To sum up, the Zizekian matrix of the Event* can be used to explain the state of the Eelam Tamil politics while also drawing equations for the future.

(1) Fidelity - Vaddukkodai resolution of 1976, LTTE & secular-modernist Eelam Tamil nationalism
(2) Reactive re-integration - politics of ‘Sri Lankan Tamil’ identity, minority rights
(3) Outright denial of eventual status - Sri Lankan liberalism, assimilation
(4) Catastrophic total counter-attack - Sri Lankan fascism, annihilation Vanni style
(5) Total enforcing of the Event leading to an ‘obscure disaster’ - emergence of a Hamas-styled Tamil nationalism
(6) Renewal of secular-modernist Eelam Tamil nationalism

(2) (3) and (4) all contributed at different levels to weakening of (1). (2) and (3) also require a weakening of (4) as it weakens the moral legitimacy of their advocacy of ‘co-existence’, especially in the wake of various gross abuses coming to light in the international arena. All the same, (2) and (3) will not hesitate to rally behind (4) in case of an emergence of (5) or (6). In case (6) does not emerge, considering the continuing betrayal of the interests of the Tamil popular classes by protagonists of (2), the probability of (5) cannot be ruled out - as an example, we have seen the Hamas fill the vacuum in Palestine in the face of a weakening of a progressive movement and sell out by elites. In the long run, (5) may deliver freedom, but its ability to be egalitarian is a question. Hence our case for progressives to lend their support to (6) and for the subscribers of (6) to pick-up the thread of the uncompromising emancipatory political tradition of (1) and take it forward.

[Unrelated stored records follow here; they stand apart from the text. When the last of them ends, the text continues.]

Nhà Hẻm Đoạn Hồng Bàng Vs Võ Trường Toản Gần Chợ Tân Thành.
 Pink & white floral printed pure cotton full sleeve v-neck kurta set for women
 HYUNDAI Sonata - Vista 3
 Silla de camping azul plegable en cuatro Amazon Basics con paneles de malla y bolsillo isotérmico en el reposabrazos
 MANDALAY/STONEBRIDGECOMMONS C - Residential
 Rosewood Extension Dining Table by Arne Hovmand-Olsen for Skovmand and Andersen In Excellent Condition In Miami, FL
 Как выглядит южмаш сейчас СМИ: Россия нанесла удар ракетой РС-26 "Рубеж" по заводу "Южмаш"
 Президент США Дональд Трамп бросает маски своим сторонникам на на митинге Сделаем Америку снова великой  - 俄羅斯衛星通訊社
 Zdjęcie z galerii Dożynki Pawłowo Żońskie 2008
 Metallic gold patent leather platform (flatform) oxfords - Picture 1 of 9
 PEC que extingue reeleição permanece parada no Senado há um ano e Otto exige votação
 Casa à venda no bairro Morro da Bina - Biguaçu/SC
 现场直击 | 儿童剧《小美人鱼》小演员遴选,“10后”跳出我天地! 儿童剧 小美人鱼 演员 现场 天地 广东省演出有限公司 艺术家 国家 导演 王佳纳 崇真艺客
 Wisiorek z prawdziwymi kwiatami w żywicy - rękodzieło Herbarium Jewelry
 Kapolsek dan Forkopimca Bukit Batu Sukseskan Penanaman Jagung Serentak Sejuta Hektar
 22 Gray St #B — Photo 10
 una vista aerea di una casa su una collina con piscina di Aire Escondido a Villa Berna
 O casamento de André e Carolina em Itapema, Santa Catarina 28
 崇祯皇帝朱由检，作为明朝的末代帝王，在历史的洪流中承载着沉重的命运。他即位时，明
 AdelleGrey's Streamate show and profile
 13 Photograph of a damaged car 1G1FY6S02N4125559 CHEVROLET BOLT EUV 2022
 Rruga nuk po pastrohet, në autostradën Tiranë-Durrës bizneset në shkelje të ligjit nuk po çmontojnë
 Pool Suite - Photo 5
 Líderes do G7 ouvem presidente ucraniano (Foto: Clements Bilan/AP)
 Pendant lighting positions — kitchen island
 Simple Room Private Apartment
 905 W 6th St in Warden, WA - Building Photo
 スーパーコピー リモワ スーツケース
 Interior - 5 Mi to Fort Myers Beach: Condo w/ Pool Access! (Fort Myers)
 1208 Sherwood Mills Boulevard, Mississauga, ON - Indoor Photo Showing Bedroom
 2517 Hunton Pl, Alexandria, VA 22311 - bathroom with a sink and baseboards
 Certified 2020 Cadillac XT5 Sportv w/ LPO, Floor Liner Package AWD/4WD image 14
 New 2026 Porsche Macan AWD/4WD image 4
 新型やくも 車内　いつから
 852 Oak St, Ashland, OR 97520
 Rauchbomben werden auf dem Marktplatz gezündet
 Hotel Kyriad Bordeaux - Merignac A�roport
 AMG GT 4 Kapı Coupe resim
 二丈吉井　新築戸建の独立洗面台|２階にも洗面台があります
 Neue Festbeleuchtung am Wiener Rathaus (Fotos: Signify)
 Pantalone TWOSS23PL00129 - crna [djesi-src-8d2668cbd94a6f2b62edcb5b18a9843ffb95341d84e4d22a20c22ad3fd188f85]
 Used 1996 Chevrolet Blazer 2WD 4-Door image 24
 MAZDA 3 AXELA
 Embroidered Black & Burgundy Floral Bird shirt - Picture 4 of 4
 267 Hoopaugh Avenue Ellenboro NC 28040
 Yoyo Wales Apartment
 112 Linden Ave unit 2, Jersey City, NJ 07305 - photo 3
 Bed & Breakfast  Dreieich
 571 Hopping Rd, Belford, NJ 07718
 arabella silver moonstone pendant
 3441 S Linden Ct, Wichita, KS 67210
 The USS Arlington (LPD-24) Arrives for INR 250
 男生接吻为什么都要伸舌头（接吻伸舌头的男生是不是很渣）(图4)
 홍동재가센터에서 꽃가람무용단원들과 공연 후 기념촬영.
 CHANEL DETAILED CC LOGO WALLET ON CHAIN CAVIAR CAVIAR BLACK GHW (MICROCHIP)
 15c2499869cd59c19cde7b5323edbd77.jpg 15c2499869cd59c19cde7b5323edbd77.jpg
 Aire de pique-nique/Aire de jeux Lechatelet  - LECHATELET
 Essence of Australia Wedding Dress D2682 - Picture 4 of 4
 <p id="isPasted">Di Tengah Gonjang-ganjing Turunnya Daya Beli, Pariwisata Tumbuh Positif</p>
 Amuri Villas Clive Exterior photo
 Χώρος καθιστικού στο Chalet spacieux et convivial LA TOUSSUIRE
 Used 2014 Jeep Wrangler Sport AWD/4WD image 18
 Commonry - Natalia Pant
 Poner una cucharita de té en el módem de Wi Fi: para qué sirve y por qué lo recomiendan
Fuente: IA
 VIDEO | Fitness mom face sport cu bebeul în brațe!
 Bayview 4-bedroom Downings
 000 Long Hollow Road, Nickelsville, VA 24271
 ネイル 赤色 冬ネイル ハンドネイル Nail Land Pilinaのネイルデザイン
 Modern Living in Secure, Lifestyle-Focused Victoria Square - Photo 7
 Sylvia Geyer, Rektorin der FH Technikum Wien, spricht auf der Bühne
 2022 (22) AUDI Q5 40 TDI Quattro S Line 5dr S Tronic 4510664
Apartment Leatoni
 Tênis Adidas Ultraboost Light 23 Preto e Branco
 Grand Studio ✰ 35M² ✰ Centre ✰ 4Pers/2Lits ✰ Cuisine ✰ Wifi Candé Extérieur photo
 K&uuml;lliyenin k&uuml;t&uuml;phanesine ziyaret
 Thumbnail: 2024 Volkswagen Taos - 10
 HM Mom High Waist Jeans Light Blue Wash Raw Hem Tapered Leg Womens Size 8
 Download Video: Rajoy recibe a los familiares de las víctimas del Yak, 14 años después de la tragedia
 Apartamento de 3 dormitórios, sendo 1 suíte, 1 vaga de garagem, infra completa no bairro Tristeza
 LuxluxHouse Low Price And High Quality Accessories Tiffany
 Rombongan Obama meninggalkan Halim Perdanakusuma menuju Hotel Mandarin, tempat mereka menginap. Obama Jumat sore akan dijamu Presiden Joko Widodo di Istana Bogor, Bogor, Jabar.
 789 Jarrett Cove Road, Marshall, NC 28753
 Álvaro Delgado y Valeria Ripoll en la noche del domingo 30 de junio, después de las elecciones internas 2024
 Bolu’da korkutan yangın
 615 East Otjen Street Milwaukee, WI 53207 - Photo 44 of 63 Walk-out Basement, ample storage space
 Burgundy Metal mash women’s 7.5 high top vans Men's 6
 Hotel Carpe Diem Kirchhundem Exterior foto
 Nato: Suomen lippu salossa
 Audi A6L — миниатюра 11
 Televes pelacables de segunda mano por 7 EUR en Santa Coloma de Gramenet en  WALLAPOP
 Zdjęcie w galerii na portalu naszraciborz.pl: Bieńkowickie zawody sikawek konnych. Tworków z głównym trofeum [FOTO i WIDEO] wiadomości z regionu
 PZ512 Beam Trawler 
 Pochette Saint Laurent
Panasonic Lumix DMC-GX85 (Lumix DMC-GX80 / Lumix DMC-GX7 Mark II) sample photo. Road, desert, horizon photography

So, the question “What is in a name?” is not appropriate with regards to the Eelam Tamils. After all, a people do not wage a struggle for decades and sacrifice over 200000 lives for a rose to be named differently. Considering the Eelam Tamils’ political struggle now, the more apt Shakespearean question to be posed is “To be or not to be”!

*See Slavoj Zizek, On Alain Badiou and Logiques des Mondes, from http://www.lacan.com/zizbadman.htm

The author is a freelance writer based in Chennai.